# Sex through the bars?



## Suzuks (Jun 25, 2008)

Okay, here's my (possibly paranoid :roll: ) concern - I have 2 boys - and someone is giving away 2 girls (they're SO cute). I want to get them, but I'd like to be able to give the boys and girls free-range time in the same room, but at different times. 

However, the cages are all going to be stored in my room as well. I'm just concerned that when the boys or girls are loose and the opposite sex are in the cage that they might get interested in each other. I don't want them to climb up on the bars and manage to get it on through the bars.

Is that possible? :?: 

I'd rather ask a dumb question than make that kind of mistake.


----------



## A1APassion (Jul 29, 2007)

it is rumored but I am quite skeptical about this.... I believe the rumor stems from those who have been a bit careless with separation. I cover-story so to speak or just a story that seems believable when they actually have no idea how their rats turned up pregnant.

This is one for Mythbusters. They say they are always looking for show ideas.

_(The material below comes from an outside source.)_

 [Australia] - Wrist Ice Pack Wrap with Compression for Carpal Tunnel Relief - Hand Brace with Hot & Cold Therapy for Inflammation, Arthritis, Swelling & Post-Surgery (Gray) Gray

I've kept both males & females for over 25 yrs & we had one oops in all that time & that one I can't even claim responsibility over because the darn rat came to me in a cage she had always been living in & I had her for a few months before we found her inside a a male's cage. Once this was discovered, we bought a different cage, marked the calendar & crossed fingers.... crap. Ten days or so later she had babies. So that means the little hussy was skipping out, doing the deed & slipping back into her own cage prior to being busted. 

So... if you take extra special care to never allow the two to get together. Or you take the added precaution of getting the cage off the floor & away from a source for them to climb up to it... you should never risk any breeding.

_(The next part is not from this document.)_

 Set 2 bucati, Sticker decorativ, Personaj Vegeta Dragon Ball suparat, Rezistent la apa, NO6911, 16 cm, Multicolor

However, I will tell you this. Your boys are going to be miserable crawling around an area that smells of girls. They will be distracted by their scent trails, completely focused on trailing these pee-paths all over the room & playtime with you would go straight out of their minds.

I don't allow my boys to free range in the same area as the girls. I can see a huge difference in their behavior between running around in the room they are kept & when they are in an areas that is void of girl smells.

So there you go... you can get them but be careful but I would advise separate areas to free range in or all you will get is boys focused on finding the girl rat & the other end of the scent trail


----------



## Vixie (Jul 21, 2006)

A1APassion said:


> This is one for Mythbusters. They say they are always looking for show ideas.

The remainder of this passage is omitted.